Mastodons achievements

Recommendation for big data sharing

We consider the problem of big data sharing among professional communities, e.g. scientific communities, which have their own datasets and documents in a private cloud and wish to share some of them in a personalized and controlled way. Our approach to help community members locate useful information is to exploit recommendations based on explicit personalization (e.g. using the friendship networks of scientists) over multiple private clouds in a P2P fashion. We can then develop new decentralized, scalable recommendation protocols.

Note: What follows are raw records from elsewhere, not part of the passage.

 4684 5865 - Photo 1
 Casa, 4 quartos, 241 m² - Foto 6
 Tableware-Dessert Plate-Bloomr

In [Servajean 2013], we investigate profile diversity for P2P search and recommendation of scientific documents. In scientific domains, endorsements from different communities are important indicators of the broad focus of scientific documents and should be accounted for in search and recommendation. To do so, we introduce profile diversity, a novel idea in searching scientific documents. Traditional content diversity has been thoroughly studied in centralized search and advertising, database queries, and recommendations and addresses the question of returning relevant but too-similar documents. We argue that content diversity alone does not suffice for finding documents endorsed by different scientific communities and that profile diversity is needed to alleviate returning popular but too-focused documents. We used a self built benchmark from INRA contents and TREC09 benchmark and to validate our proposal.

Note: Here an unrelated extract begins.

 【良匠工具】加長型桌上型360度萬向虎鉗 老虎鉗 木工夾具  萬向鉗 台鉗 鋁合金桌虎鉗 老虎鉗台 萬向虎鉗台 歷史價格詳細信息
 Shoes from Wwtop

This work is part of Maximilien Servajean Phd Thesis, partially funded by Labex Numev.

Phenotypic Data Analysis

The goal, here, was for us to investigate data mining techniques in the field of phenotyping and to open the dialogue between our research teams (Zenith team of Inria for computer science and data mining, and the LEPSE laboratory for phenotyping).

This work consists in a two steps approach. First, the data acquired by phenoArc are not always clean and cause troubles to experts since they may lead to inappropriate results. Our goal was to propose an automatic detection of “potentially wrong data” in order to provide the experts with alarms and allow them to save time when cleaning their data.

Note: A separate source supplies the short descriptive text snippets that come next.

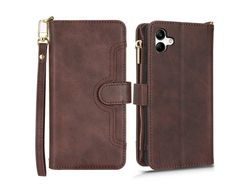 Capa para Samsung Galaxy A04 4G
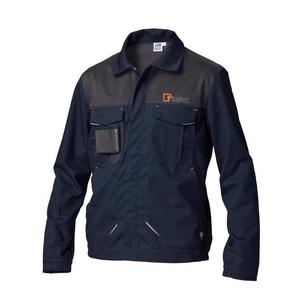 Chaqueta TTAKE Easy Gris XS, Ropa de Trabajo, Ropa de Seguridad - Product Image 1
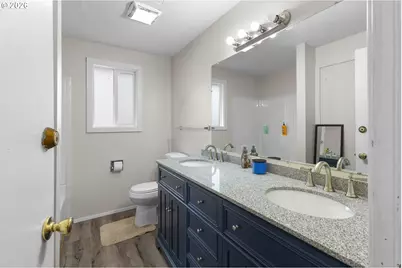 1893 Sunset Ln, Myrtle Point, OR 97458 - Photo 30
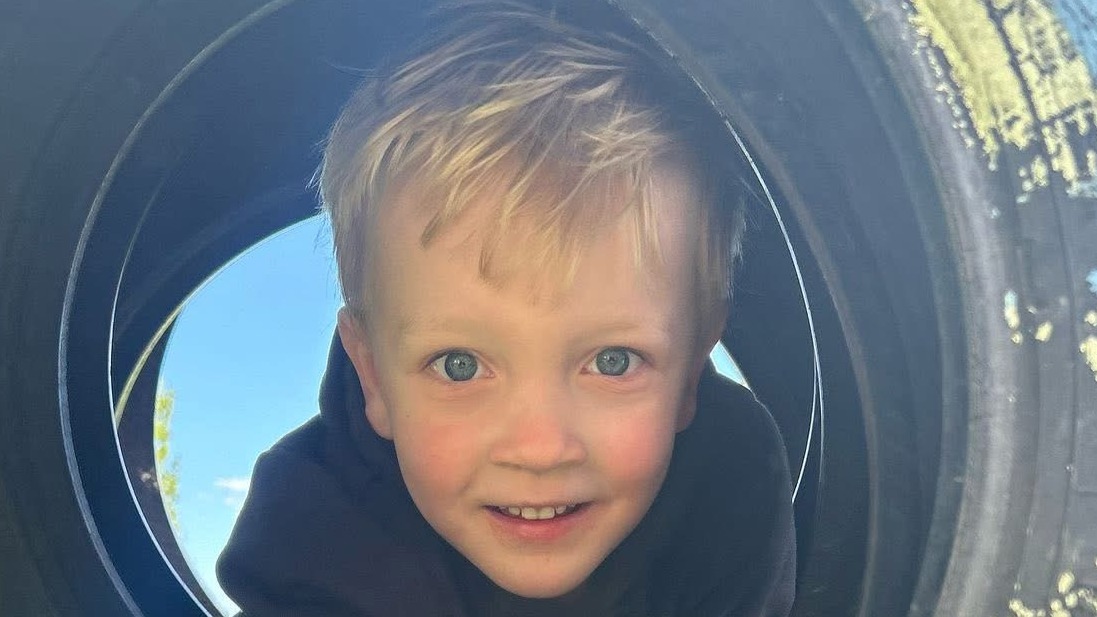 undefined-TA Sport Stars-5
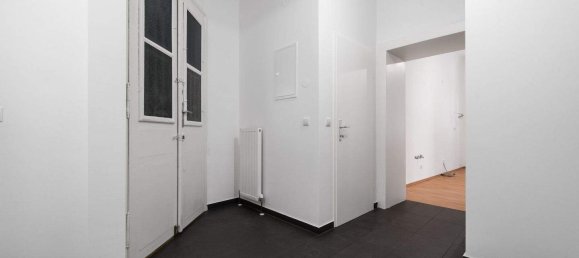 2غرفة شقة في Favoriten, Austria رقم 128171 15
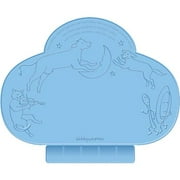 Summer Infant 76120 TinyDiner Placemat in Blue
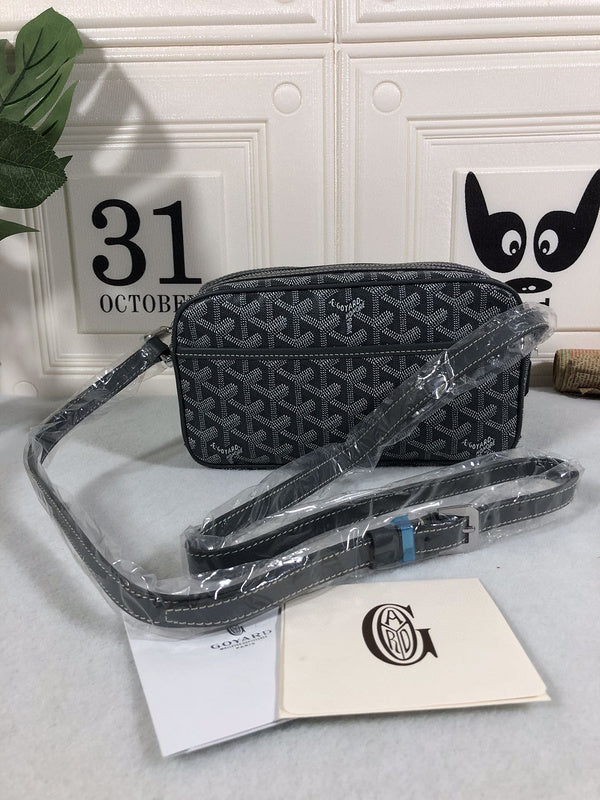 ELE - GOD Bags - 177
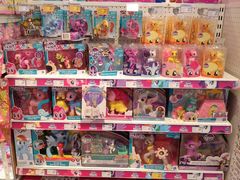 -TOYSRUS玩具反斗城(苏州中心店)
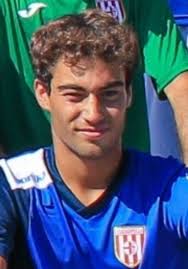 Atletico Piombino ufficiale Razzauti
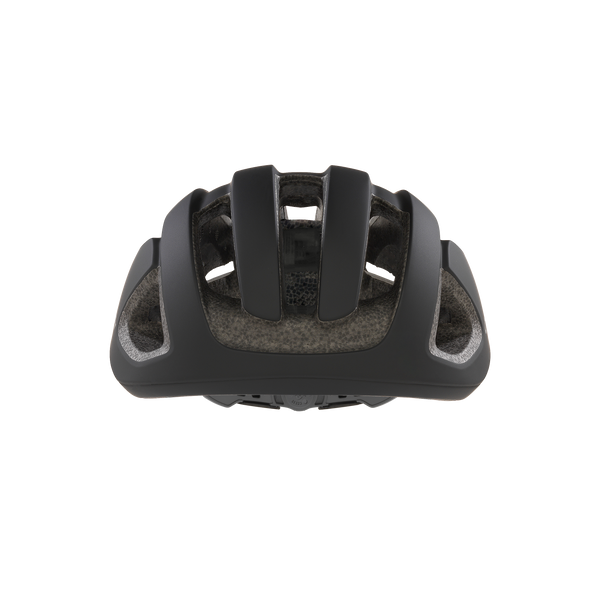 [FOS900595-02E] Mens Oakley ARO3 Lite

The second contribution is about Time series clustering. Here, the goal is to work on the total set of clean data (after applying the anomaly detection techniques described above) in order to obtain clusters of time series. For the experts, this analysis is important, since they want to identify characteristics for explaining rapid or low plant growth in different environments. We have implemented and tested various techniques for this step, including DBSCAN and HAC (for which multiple distance measures and merging criterias have been tested).

This work is described in the Master’s thesis report of Irina Alles.